La sperimentazione ha coinvolto il 4% dell’intera popolazione italiana ed era costata 476 miliardi di lire. Furono molto significative l’esperienze condotte a Napoli (nei Quartieri Spagnoli in cui il Comune stipulò un patto con le mamme di quel quartiere medesimo affinchè inviassero i figli a scuola, contrastando così l’abbandono scolastico), a Reggio Calabria, a Rovigo, a Genova. Ci furono anche gli insuccessi come nel caso di Enna in cui ci fu una rivolta da parte della popolazione nei confronti degli abusi di chi utilizzava quella misura senza essere povero, confermando così che il problema cruciale è quello di riuscire ad assicurare l’accertamento reale del reddito della persona e come evitare la confusione tra reddito di inserimento e l’ammortizzatore sociale di chi è disoccupato.
La sperimentazione fu valutata nei suoi esiti da una commissione tecnica di valutazione presieduta dalla Prof.ssa Chiara Saraceno. I risultati di tale valutazione sono stati trasmessi al Parlamento che però non li ha mai discussi. La commissione ha evidenziato successi e criticità ed ha indicato nella buona pratica amministrativa e nella definizione stringente di programmi di reinserimento sociale la strada efficace da perseguire. La sperimentazione ha evidenziato l’importanza dell’ accertamento reale del reddito delle persone e la necessità che l’RMI non sia confuso con uno strumento di lotta alla disoccupazione e dunque deve configurarsi non come sostitutivo agli ammortizzatori sociali ma come misura di ultima istanza.
La povertà in Italia non accenna a fermarsi ed anzi continua a colpire in particolare giovani e minori del nostro Paese.
L’introduzione del Reddito di Inclusione (REI), previsto dalla Legge delega sulla povertà in discussione al Senato, rappresenterebbe una importante innovazione strutturale per il nostro Paese, specie per quanto riguarda i servizi di presa in carico dei beneficiari e delle attività di inclusione sociale e lavorativa.
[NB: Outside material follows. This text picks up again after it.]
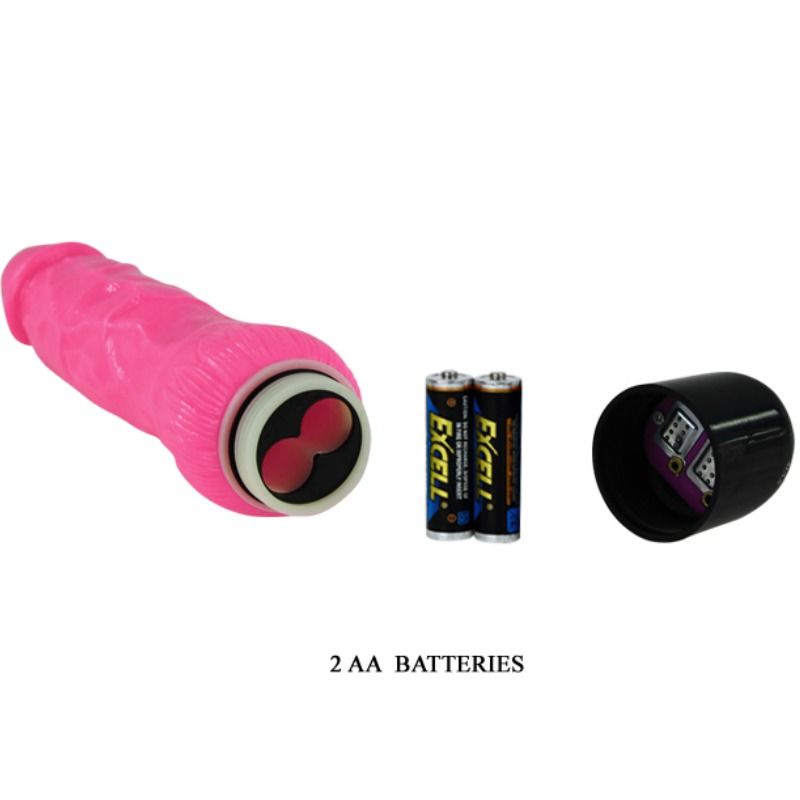 BAILE - BUNTER SEX REALISTISCHER VIBRATOR ROSA 24 CM Produktansicht und Details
E’ però una innovazione che necessita di risorse certe e graduali sino a coprire entro un tempo definito e attraverso un Piano pluriennale, l’universo delle persone in povertà assoluta.
Il Governo nella presentazione della Legge di bilancio 2017-19 aveva previsto un aumento del Fondo contro la povertà di 500 milioni di euro a partire dal 2018.
Le dichiarazione delle settimane scorse da parte di esponenti del Governo lasciavano però prefigurare un incremento di 500 milioni di euro già a partire dal 2017.
Data l’urgenza della situazione sarebbe stato opportuno dare un segnale chiaro anche attraverso il potenziamento dei servizi territoriali.
L’Alleanza contro la povertà in Italia (una associazione impegnata molto su questo tema) aveva chiesto che già dal prossimo anno, nella Legge di Bilancio fossero incrementate le risorse del fondo per la lotta alla povertà ed esclusione sociale affinché si potessero destinare le necessarie risorse a graduale incremento del reddito di inserimento sociale.